=== Records shown ===
------------------------
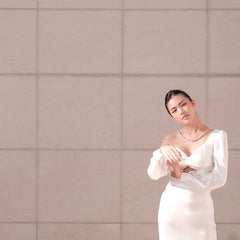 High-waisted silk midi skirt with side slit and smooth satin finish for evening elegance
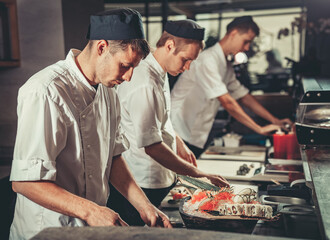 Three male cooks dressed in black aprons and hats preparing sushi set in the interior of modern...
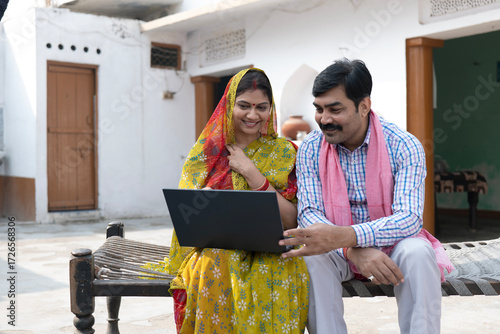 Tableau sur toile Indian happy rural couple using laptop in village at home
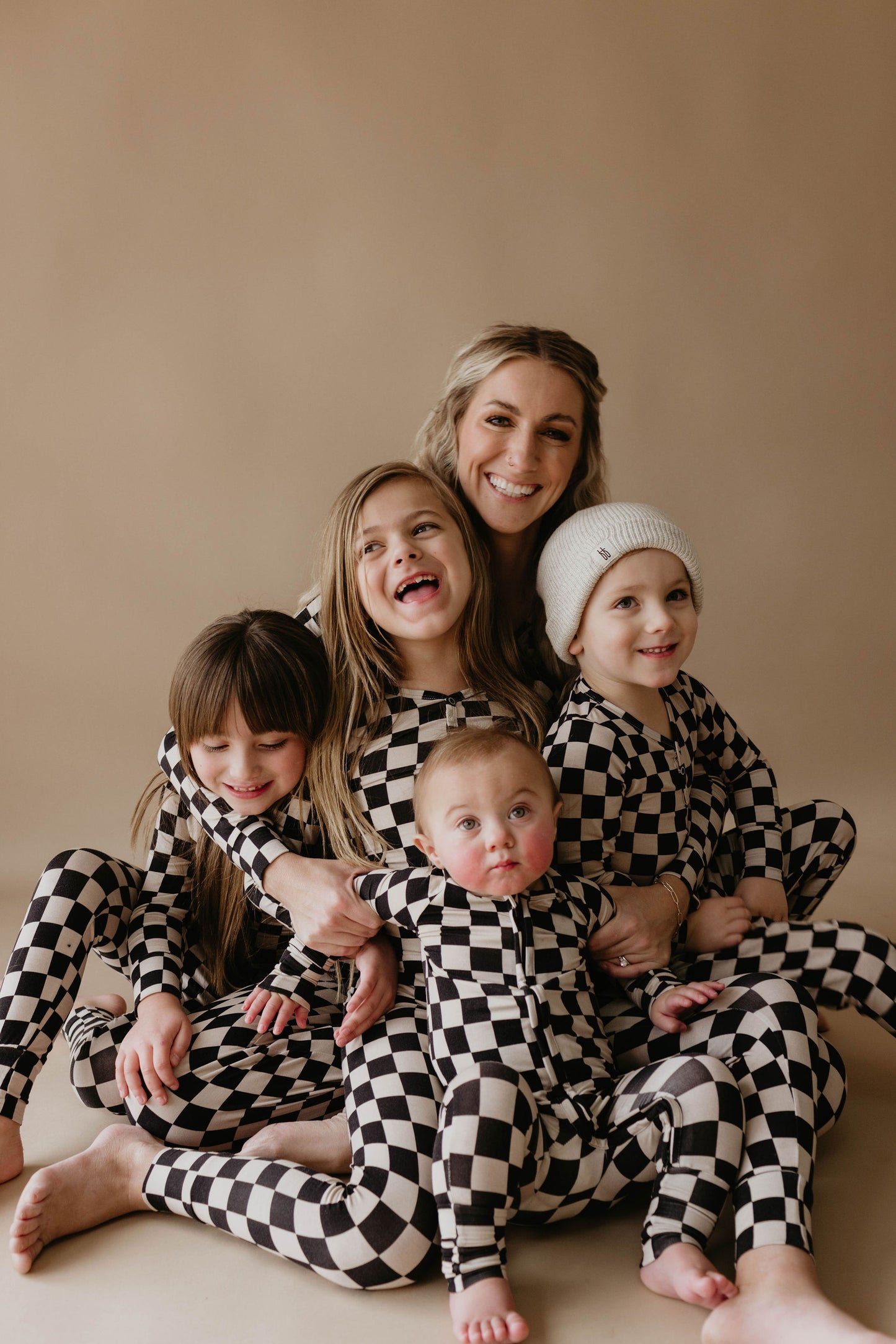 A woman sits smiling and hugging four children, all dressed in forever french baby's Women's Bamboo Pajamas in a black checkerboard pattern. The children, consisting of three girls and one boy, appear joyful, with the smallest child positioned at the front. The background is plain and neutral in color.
------------------------
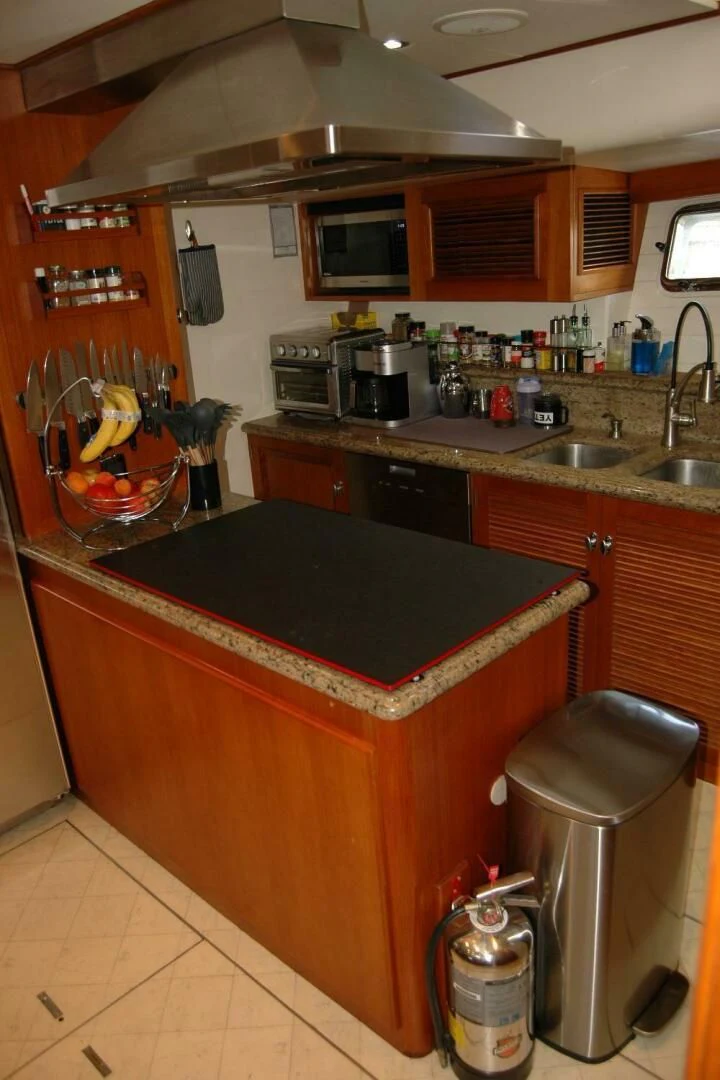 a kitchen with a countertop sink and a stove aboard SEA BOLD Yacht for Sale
------------------------
=== Exercise details ===
Would you restate, exactly and with no pictures, the lines of the entries above from the one containing "Three male cooks" through the one containing "A woman sits"?

=== Response ===
 Three male cooks dressed in black aprons and hats preparing sushi set in the interior of modern...
 Tableau sur toile Indian happy rural couple using laptop in village at home
 A woman sits smiling and hugging four children, all dressed in forever french baby's Women's Bamboo Pajamas in a black checkerboard pattern. The children, consisting of three girls and one boy, appear joyful, with the smallest child positioned at the front. The background is plain and neutral in color.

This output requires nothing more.